TRY IT => The answer is the set of lines that include "Jacket", copied from the data below.

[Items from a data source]
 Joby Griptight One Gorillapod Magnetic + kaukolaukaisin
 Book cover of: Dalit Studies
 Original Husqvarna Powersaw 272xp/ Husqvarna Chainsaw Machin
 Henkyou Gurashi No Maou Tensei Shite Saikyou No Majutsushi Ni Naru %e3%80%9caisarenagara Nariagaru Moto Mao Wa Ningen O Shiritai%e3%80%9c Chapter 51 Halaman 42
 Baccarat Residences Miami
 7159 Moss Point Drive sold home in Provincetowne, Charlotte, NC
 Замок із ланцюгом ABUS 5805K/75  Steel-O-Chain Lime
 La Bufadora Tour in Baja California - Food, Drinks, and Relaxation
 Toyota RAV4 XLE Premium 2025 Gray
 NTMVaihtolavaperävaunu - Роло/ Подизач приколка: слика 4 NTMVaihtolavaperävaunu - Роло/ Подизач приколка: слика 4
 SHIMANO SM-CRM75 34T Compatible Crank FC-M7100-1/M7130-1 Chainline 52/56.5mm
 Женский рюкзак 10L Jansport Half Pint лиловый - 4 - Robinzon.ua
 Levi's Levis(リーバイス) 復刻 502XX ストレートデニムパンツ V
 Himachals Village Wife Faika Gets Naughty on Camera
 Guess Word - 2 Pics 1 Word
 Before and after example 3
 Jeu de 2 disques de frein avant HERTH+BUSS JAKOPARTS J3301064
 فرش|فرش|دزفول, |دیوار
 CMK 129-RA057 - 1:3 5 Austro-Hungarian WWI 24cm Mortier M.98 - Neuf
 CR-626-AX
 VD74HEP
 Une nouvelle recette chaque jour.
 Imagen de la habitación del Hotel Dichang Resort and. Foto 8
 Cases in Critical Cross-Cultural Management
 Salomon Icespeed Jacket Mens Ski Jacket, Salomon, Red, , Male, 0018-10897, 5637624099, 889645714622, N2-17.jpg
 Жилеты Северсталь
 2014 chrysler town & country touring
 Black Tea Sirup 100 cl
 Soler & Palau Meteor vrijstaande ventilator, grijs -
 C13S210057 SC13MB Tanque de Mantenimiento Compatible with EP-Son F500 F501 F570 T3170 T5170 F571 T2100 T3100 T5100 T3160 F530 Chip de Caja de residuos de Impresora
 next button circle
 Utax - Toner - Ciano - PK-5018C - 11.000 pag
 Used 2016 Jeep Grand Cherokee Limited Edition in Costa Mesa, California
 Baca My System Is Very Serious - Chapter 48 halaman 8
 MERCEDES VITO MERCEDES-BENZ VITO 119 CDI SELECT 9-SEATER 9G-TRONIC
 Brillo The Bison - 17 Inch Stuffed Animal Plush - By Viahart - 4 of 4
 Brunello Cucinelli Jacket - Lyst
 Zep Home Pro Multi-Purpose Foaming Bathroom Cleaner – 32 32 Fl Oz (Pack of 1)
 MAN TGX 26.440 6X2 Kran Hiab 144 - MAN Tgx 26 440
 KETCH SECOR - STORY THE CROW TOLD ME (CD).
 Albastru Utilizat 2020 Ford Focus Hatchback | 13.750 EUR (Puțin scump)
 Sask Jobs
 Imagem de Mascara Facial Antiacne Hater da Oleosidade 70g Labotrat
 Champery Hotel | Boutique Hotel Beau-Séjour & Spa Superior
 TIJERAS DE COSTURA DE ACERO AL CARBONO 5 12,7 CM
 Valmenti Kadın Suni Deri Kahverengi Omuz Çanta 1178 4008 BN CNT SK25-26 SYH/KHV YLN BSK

SOLUTION =>
 Salomon Icespeed Jacket Mens Ski Jacket, Salomon, Red, , Male, 0018-10897, 5637624099, 889645714622, N2-17.jpg
 Brunello Cucinelli Jacket - Lyst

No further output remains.